We all ended the day unusually tired and so opted for a nearby restaurant which turned out to be pretty upmarket. It was good but I think we were a serious disappointment to our waiter. I had the Milanese Cutlet which is the center of a major controversy with Vienna over who first thought to dip meat in egg and breadcrumbs and fry the result. I have to admit I prefer the Viennese version.
This morning we hit the ground running with a tour of Leonardo’s Last Supper. Obviously it’s a beautiful painting and the guide provided a lot of insight into the multi-layered symbolism embodied in, seemingly, every brush-stroke.
Next up was the Duomo. I admit to being a jaded cathedral visitor, but the Milan Duomo cut through that. The unusual white facade; the neede-sharp turrets; the depth of statuary; and the soaring interior are just amazing. We went up on the roof and so had a chance to get up close and personal with the statues that you would otherwise only see in the distance.

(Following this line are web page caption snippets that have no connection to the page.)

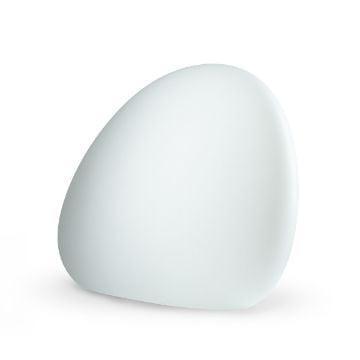 Lampa exterior Nowodvorski Stone M White 10580 plastic alb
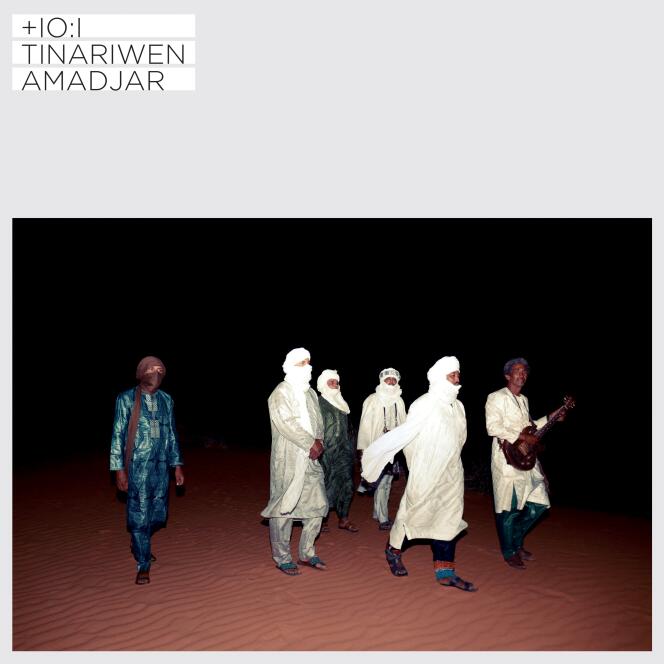 Pochette de l’album « Amadjar », de Tinariwen.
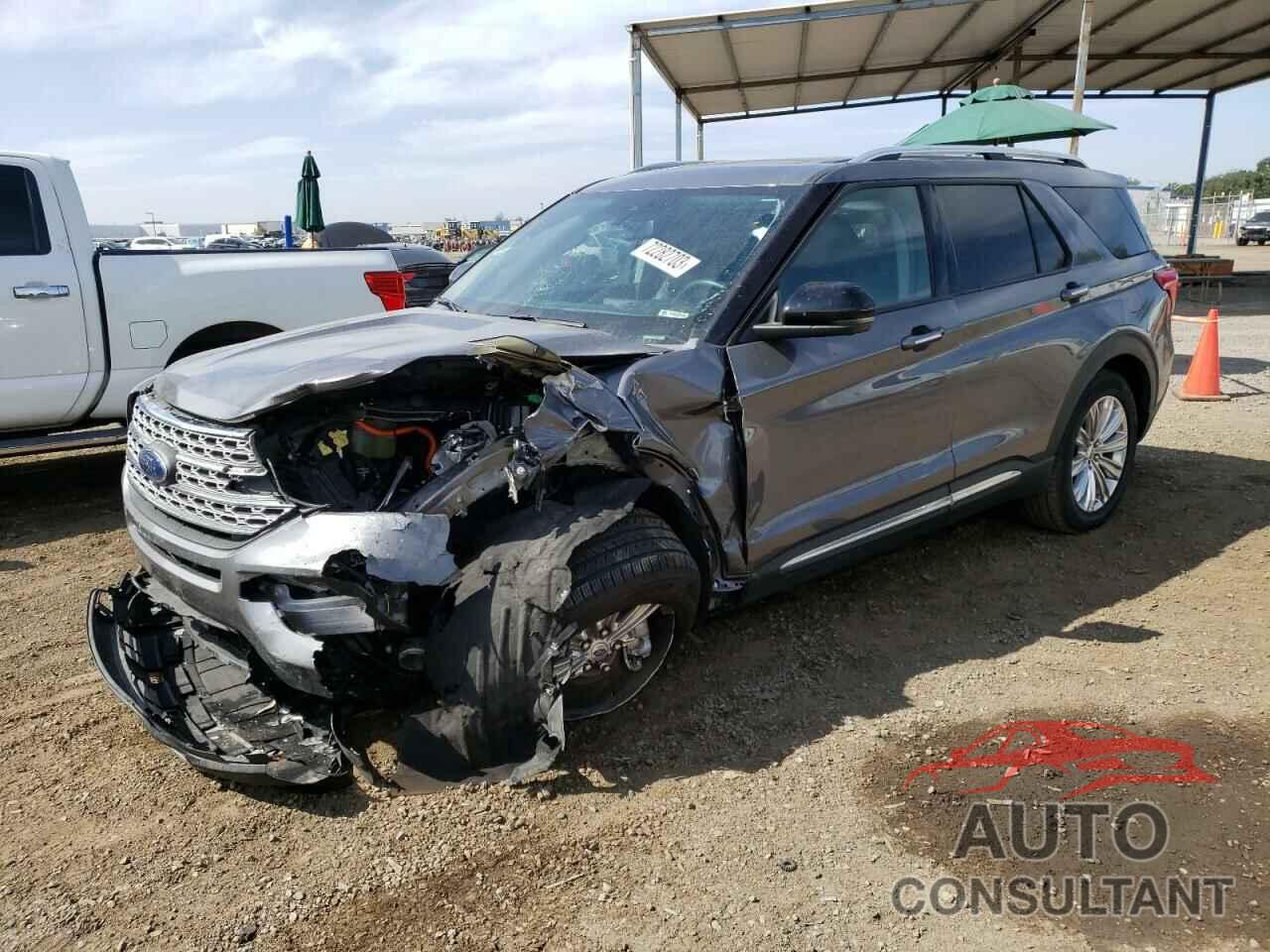 FORD EXPLORER 2021 - 1FM5K7FW5MNA22052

Inside the Duomo we also visited the crypt. If you’re religious the embalmed saint’s body is obviously the main attraction, but I loved the atmospheric room centered on a chest containing a nail from the true cross.
After wandering through the glass-roofed Victorio Emanuelle Galería with its raft of up-market shops and floods of window-shoppers, we stopped for lunch.
Our final stop was the Biblioteca Pinoteca Ambrosiana. This library and art gallery is a great combination of lovely art and weird objects. A lock of Lucrecia Borgia’s hair and the gloves Napoleon wore at Waterloo to name two. It also houses the Codex Atlanticus, the largest collection of Da Vinci’s papers. I’m always blown away by Leonardo’s range of talents, but especially after seeing the Last Supper this morning it was amazing to see his hand-written notes and sketches.
Apart from the major sites, Milan has proved to be a pretty city. Much of it was rebuilt after WW2 bombing left it flattened, and it’s an interesting combination of new and old. The cute trams give it color and there are interesting shops all around. I can’t say one day’s visit does it justice, but it’s been a good day.